Beijing unveiled a $1.4 trillion debt swap program in November, aiming to ease the local government financing crisis.
“For most of 2024, policymakers have moved to intervene when 10-year bond yields reach 2%,” Song said, noting that the People’s Bank of China “quietly stopped intervention” in December.
Investors expect the central bank to unveil new steps to ease monetary policy this year, such as additional cuts in the key interest rate and the amount of cash banks must hold in reserves. At the beginning of the year, The People's Bank of China said it would cut key interest rates At the right time.
He added: “The bank will work to enrich and improve the set of monetary policy tools, conduct purchases and sales of treasury bonds, and pay attention to movements in long-term yields.” Statement on January 3.

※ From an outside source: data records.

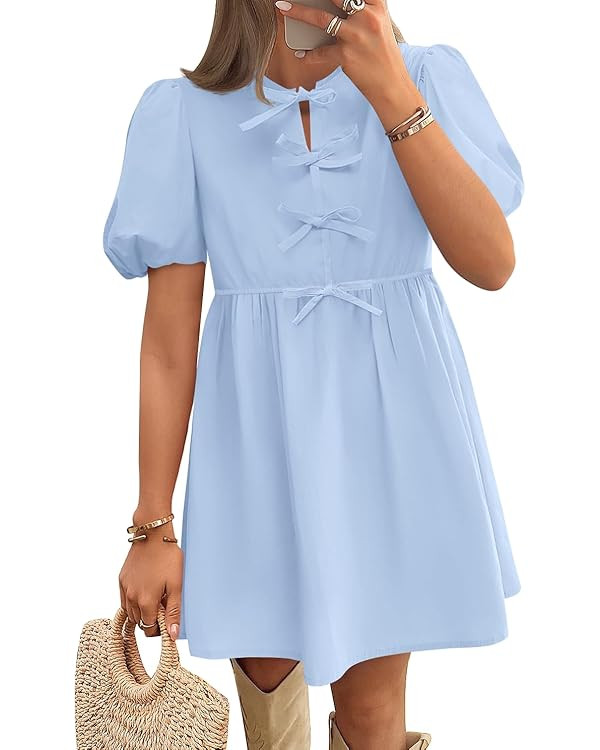 ZESICA Women's Summer Short Sleeve Tie Front Mini Dress Cute Babydoll Ruffle Pleated A Line Tunic... | Amazon (US)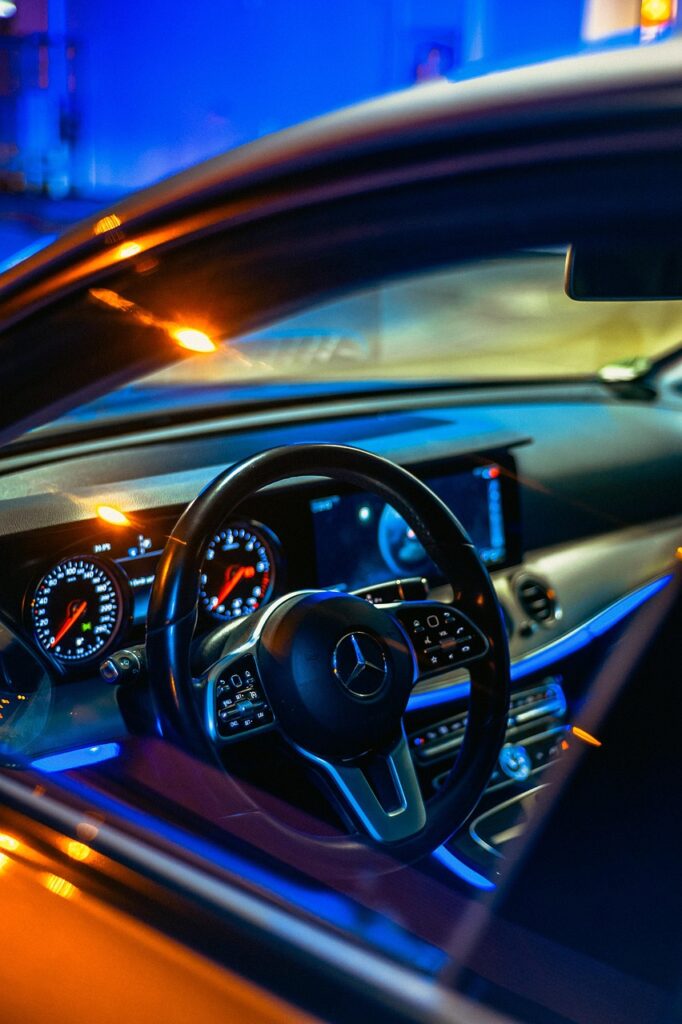 car, vehicle, car wallpapers, mercedes, at night, indoor, internal, colors
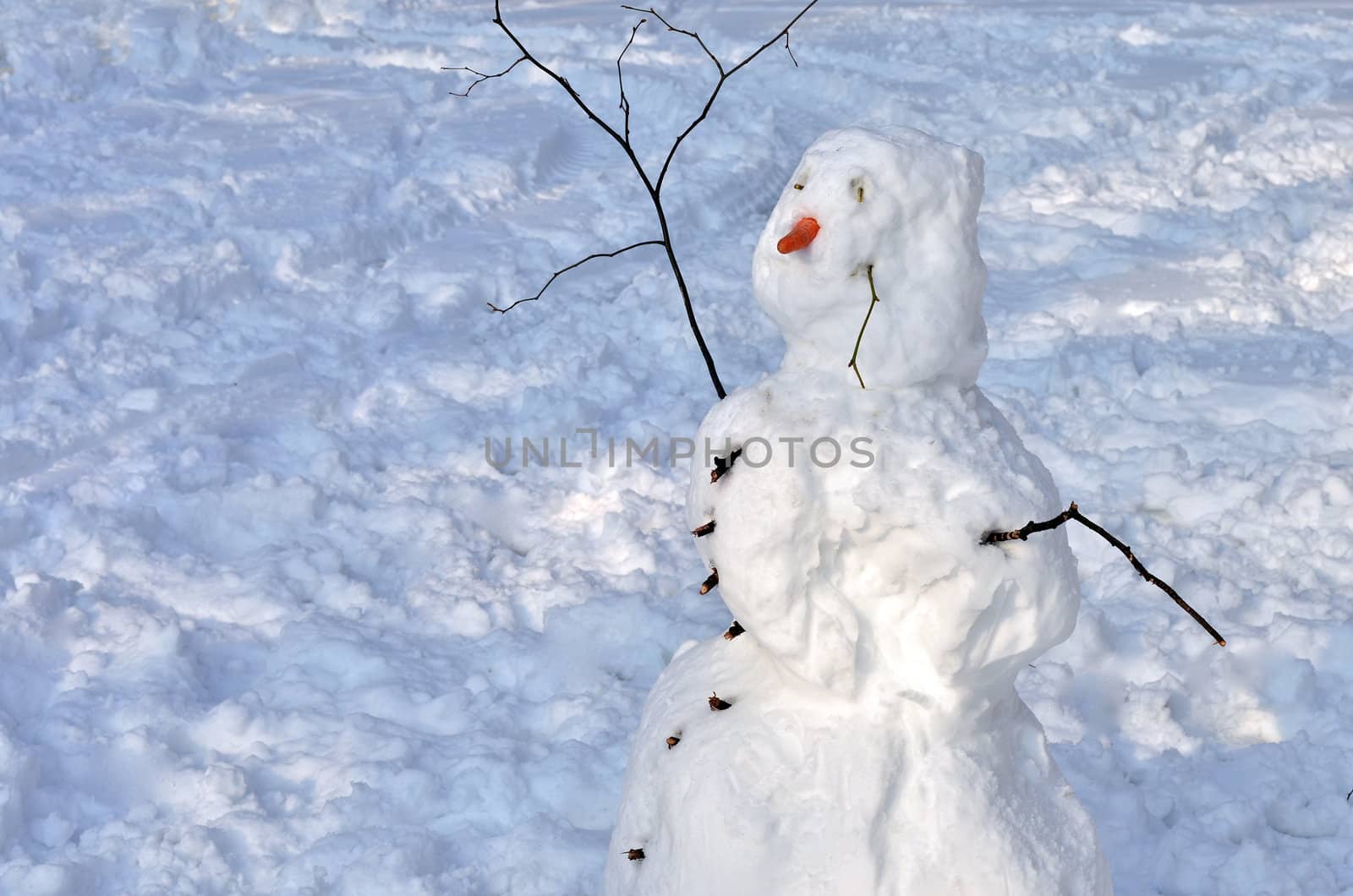Snowman made by kids standing in the park on snowy field.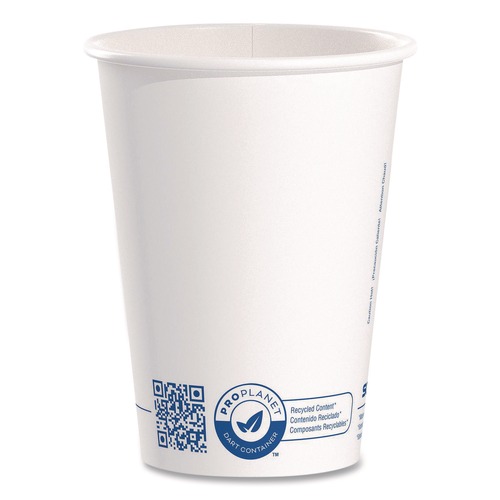 Cups and Lids | SOLO 412RCN-PLANET Recycled Content PCF Paper Hot Cups, ProPlanet Seal, 12 oz, White, 50/Pack image number 0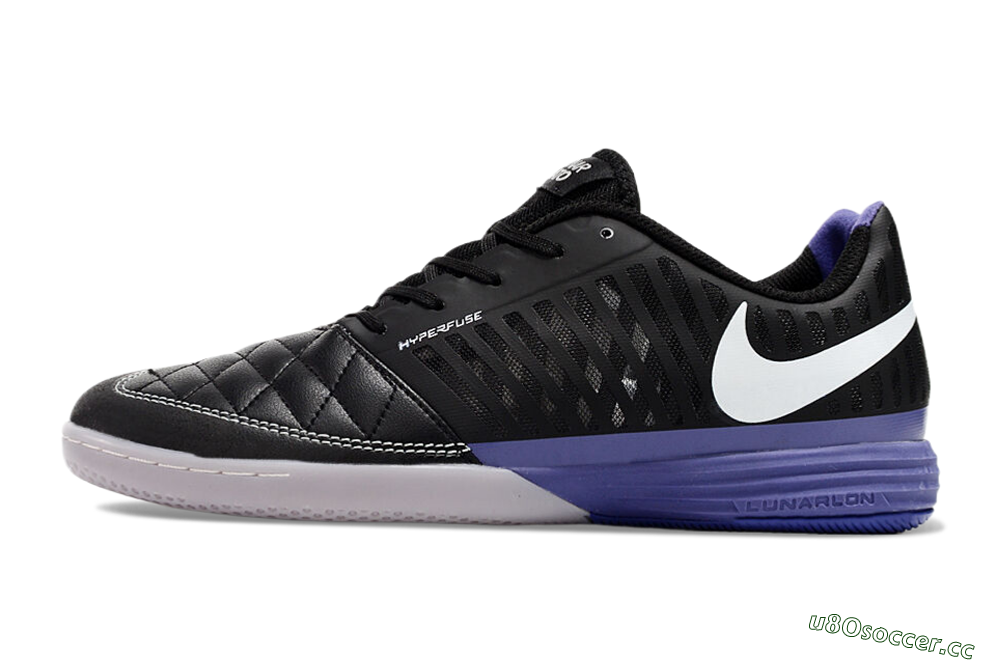 Unisex Nike Lunar Gato 2 IC Indoor & Futsal Low-Tops Football Shoes - Black/White/Purple 0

However, the prospect of lower interest rates will only cause bonds to continue rising.
Economists at Standard Chartered Bank believe that the rise in bonds will continue this year, but at a slower pace. The 10-year bond yield could fall to 1.40% at the end of 2025, they said in a note on Tuesday.
Economists said credit growth may stabilize by mid-year as stimulus policies begin to lift certain sectors of the economy, leading to a slower decline in bond yields.
China's central bank said on Friday He will temporarily stop buying government bonds Due to increased demand and lack of supply in the market.